LEONARDUCCI, GASPARE. - Scrittore ascesico e poeta, n. a Venezia nel 1685, m. a Cividale il 6 giugno 1752. Professo giovanissimo la Regola somasca in S. Maria della Salute in Venezia, dove pure insegnò lettere ed ebbe a discepolo il filosofo Jacopo Stellini. Nel Collegio Clementino di Roma restaurò con il suo insegnamento il culto di Dante. Fu poi parroco di S. Croce a Padova e rettore del Collegio omonimo, indì rettore del Collegio di Cividale del Friuli, ove morì.

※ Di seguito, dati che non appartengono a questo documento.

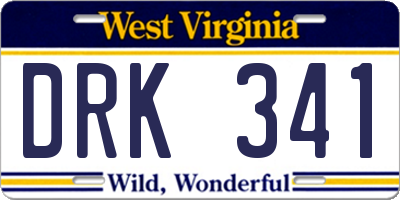 WV license plate DRK341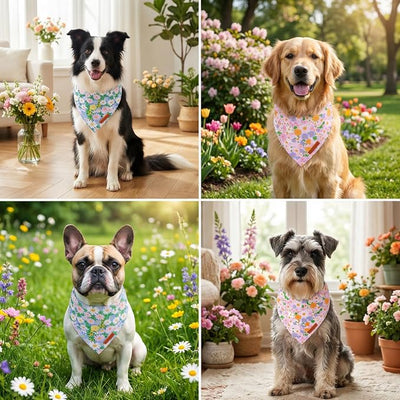 ADOGGYGO Floral Dog Bandanas, Spring Summer Daisy Pet Scarf, Premium Fabric, Purple Pink Flower Bandanas for Small Dogs (Small)
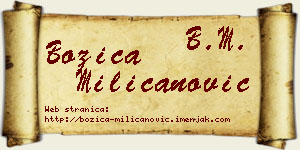 Božica Milicanović vizit kartica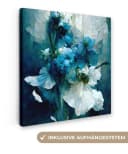 OneMillionCanvasses® Leinwandbild Blauer Blumenstrauß Wandbild Deko Bild 2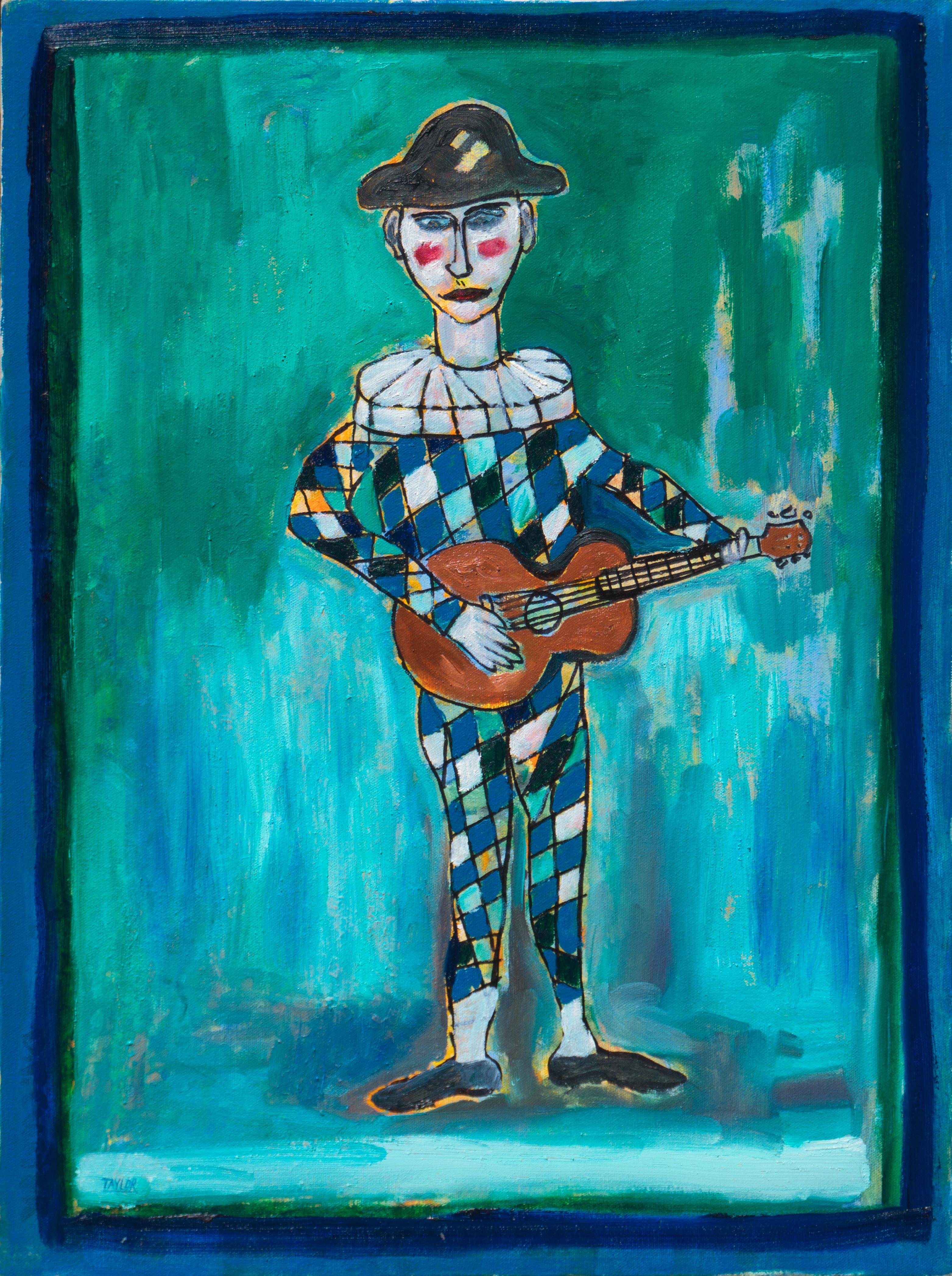 Jonathan Taylor Figurative Painting - 'Harlequin with Guitar', California Modernist, Santa Cruz, University of Maine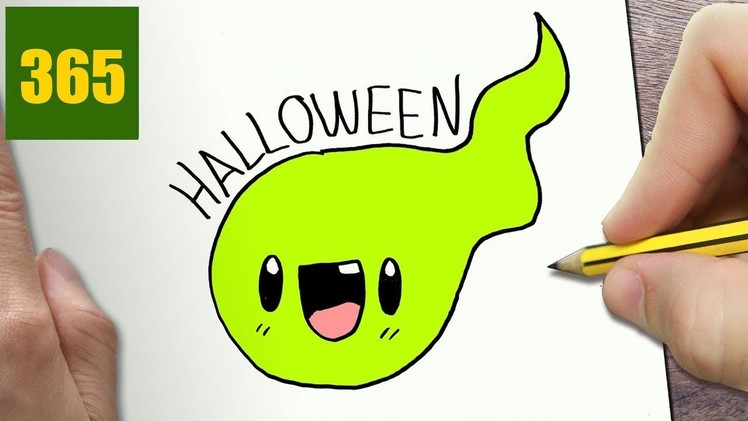 HOW TO DRAW A HALLOWEEN GHOST CUTE, Easy step by step drawing lessons for kids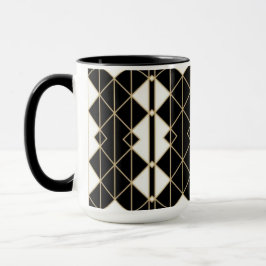 Art Deco Black and Gold Geometric luxury Mugg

Compose un poema, La Provvidenza, in 61 canti in terza rima. Tra le sue opere ascetiche ebbero grande favore le Considerazioni cristiane morali (Padova 1739) e Del modo di ben comunicarsi e confessarsi (ivi 1732) ad uso degli studenti dei collegi somaschi. Inediti sono un Commentario sulla poetica e altri scritti letterari e religiosi.

BIBL.: L. Zambarelli, Il culto di Dante tra i pp. somaschi, Roma 1921; T. Borgonno, Biografia di G. L., in Album. V. Roma 1939.